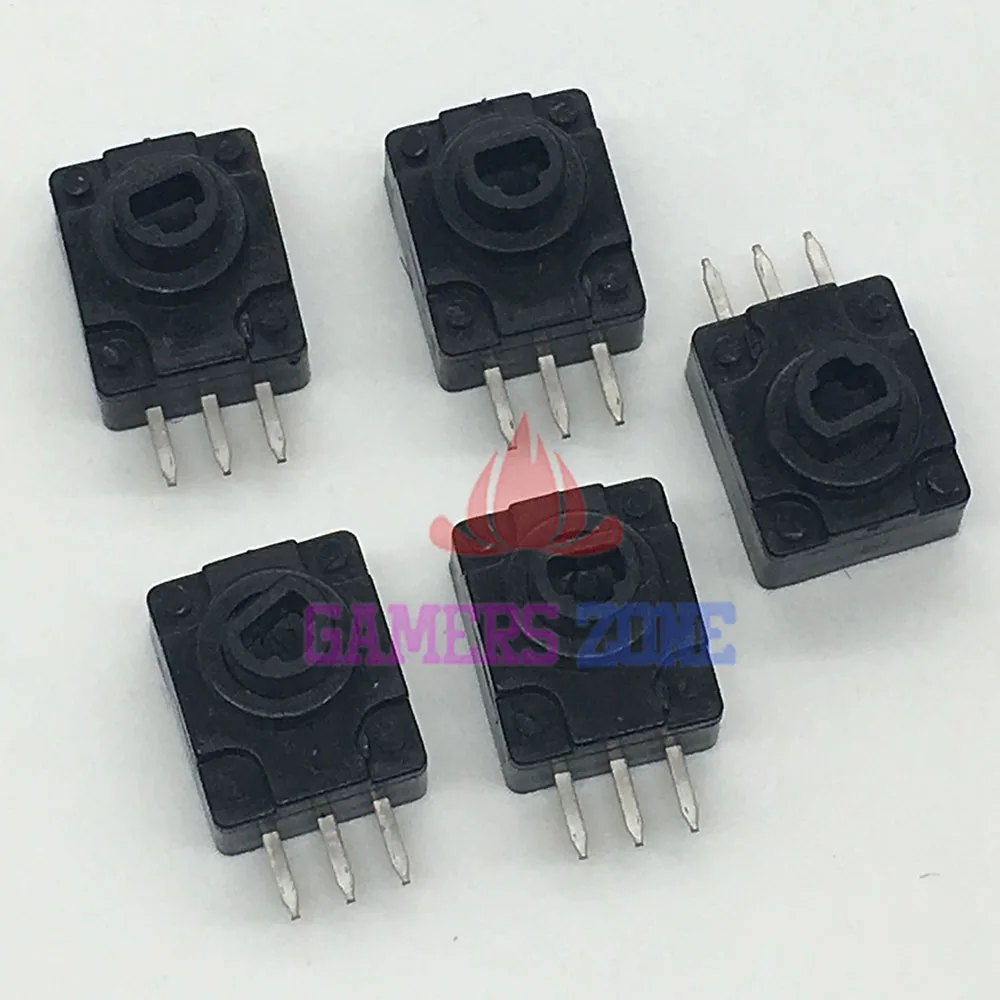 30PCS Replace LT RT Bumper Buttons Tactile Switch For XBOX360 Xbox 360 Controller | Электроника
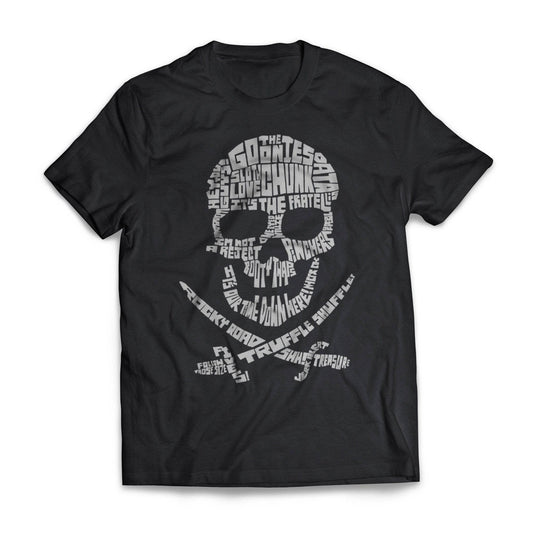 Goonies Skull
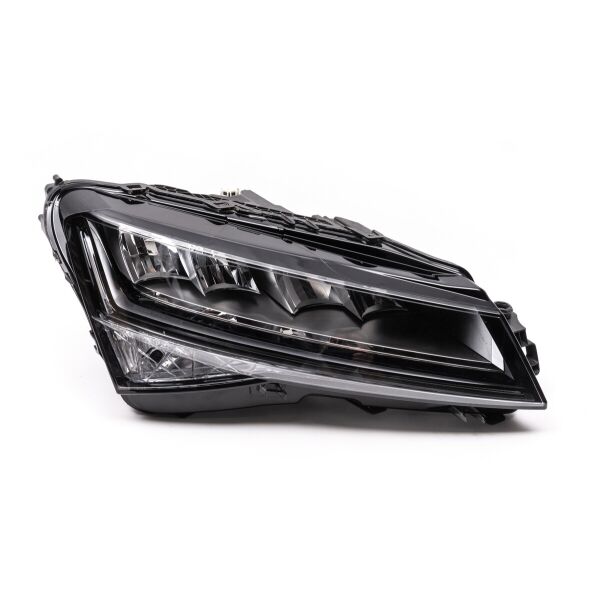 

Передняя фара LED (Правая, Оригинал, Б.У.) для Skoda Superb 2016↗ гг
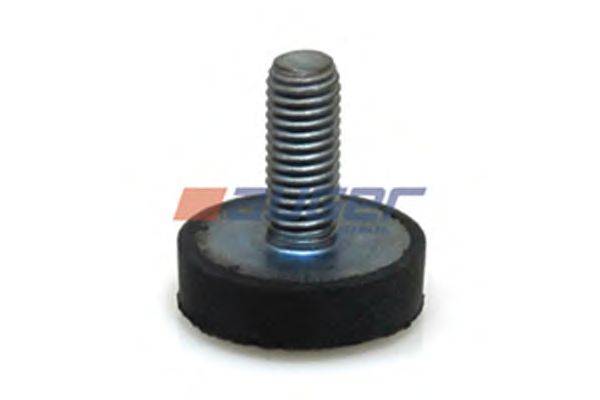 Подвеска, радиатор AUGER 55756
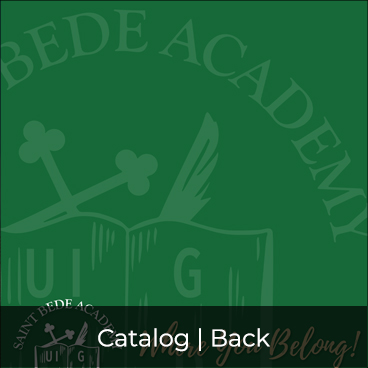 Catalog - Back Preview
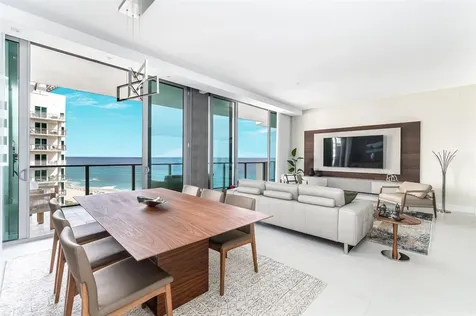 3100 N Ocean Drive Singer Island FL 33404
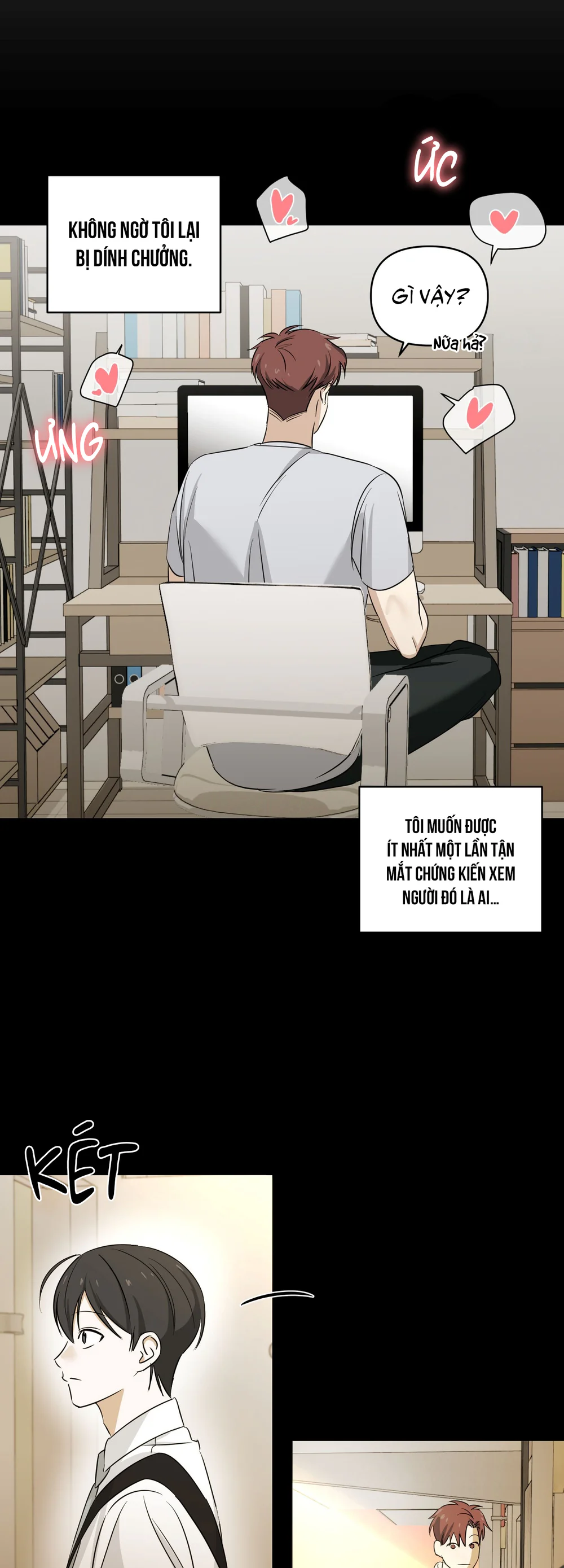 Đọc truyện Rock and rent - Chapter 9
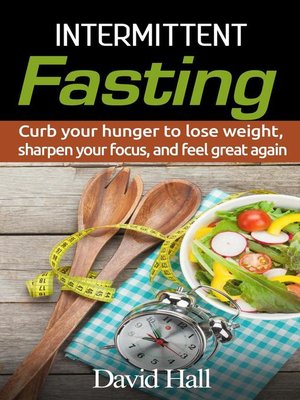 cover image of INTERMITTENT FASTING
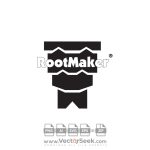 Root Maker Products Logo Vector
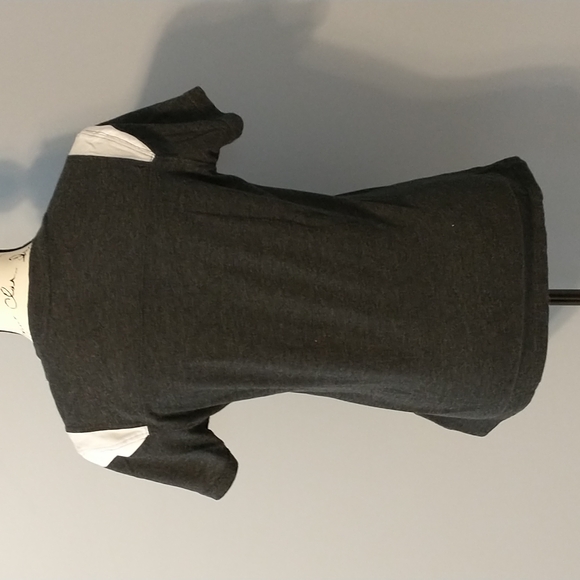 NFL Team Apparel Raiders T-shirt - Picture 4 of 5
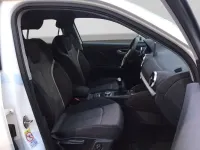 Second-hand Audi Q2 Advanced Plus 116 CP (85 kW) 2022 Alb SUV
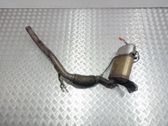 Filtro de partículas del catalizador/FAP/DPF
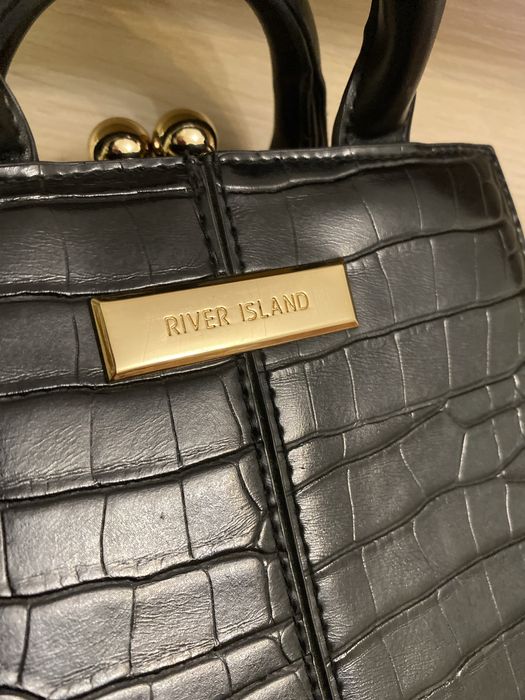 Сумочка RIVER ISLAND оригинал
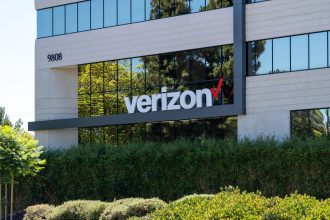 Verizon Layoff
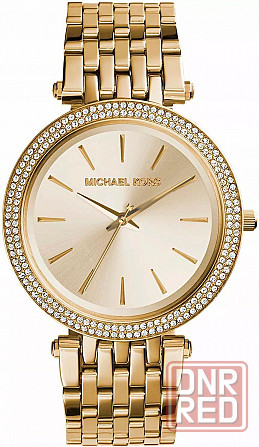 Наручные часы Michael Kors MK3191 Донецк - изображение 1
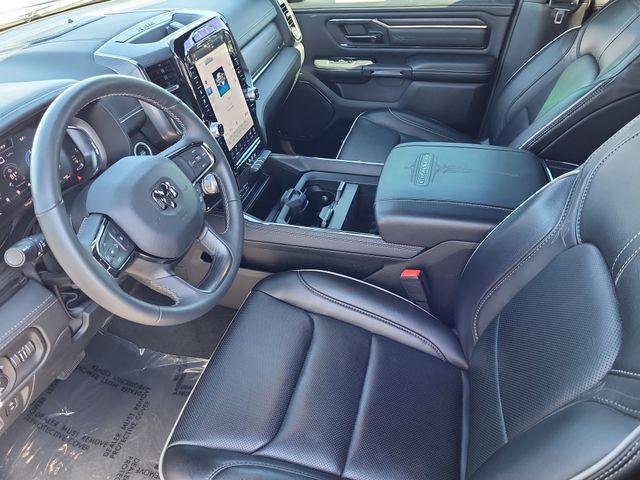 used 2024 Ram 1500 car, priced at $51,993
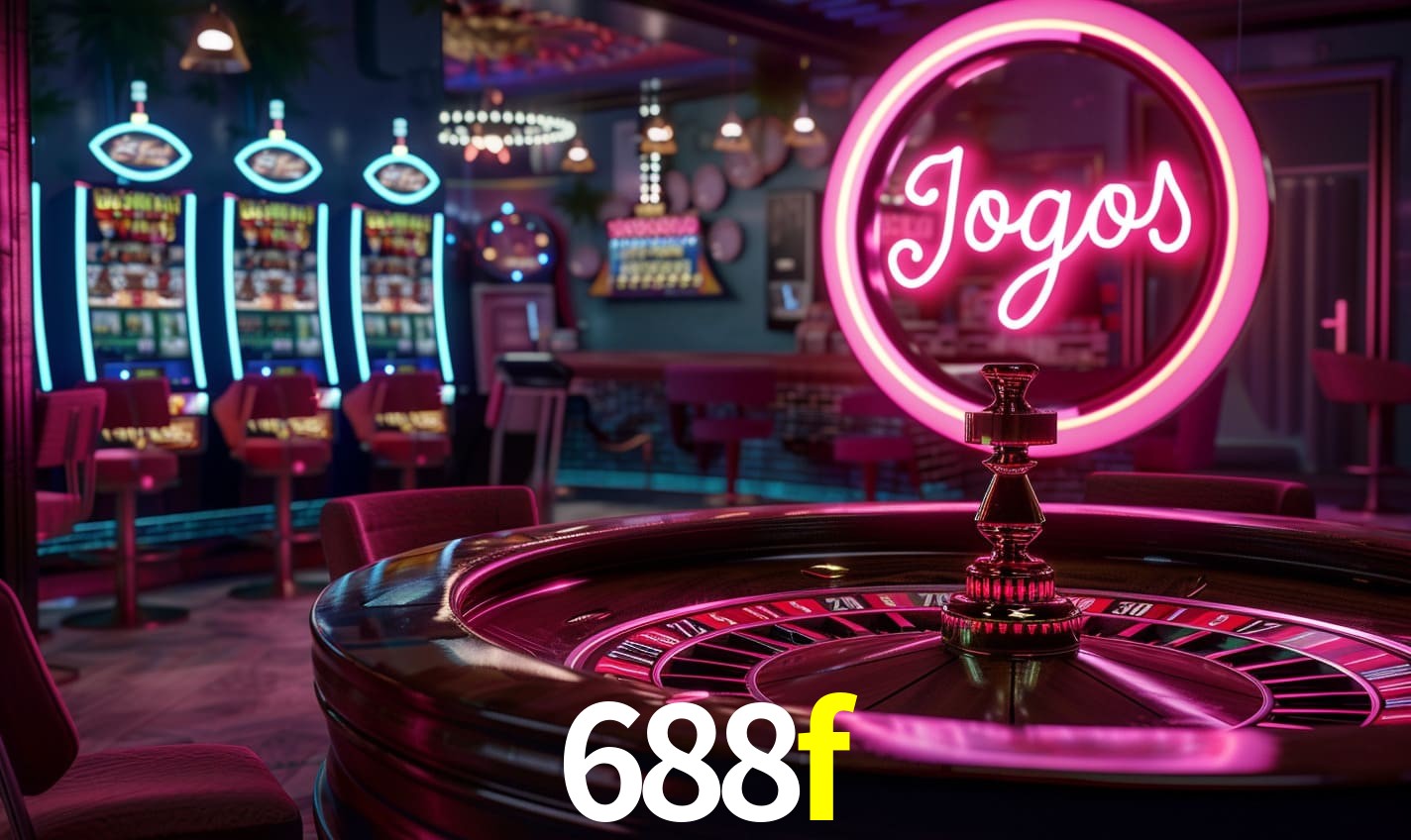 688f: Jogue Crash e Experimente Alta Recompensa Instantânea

Requirement: What you write must match, line for line, the records from the line containing "Catalog - Back Preview" through the last line, with every picture left out.

Output for this exercise:
 Catalog - Back Preview
 3100 N Ocean Drive Singer Island FL 33404
 Đọc truyện Rock and rent - Chapter 9
 cover image of INTERMITTENT FASTING
 Root Maker Products Logo Vector
 NFL Team Apparel Raiders T-shirt - Picture 4 of 5
 Second-hand Audi Q2 Advanced Plus 116 CP (85 kW) 2022 Alb SUV
 Filtro de partículas del catalizador/FAP/DPF
 Сумочка RIVER ISLAND оригинал
 Verizon Layoff
 Наручные часы Michael Kors MK3191 Донецк - изображение 1
 used 2024 Ram 1500 car, priced at $51,993
 688f: Jogue Crash e Experimente Alta Recompensa Instantânea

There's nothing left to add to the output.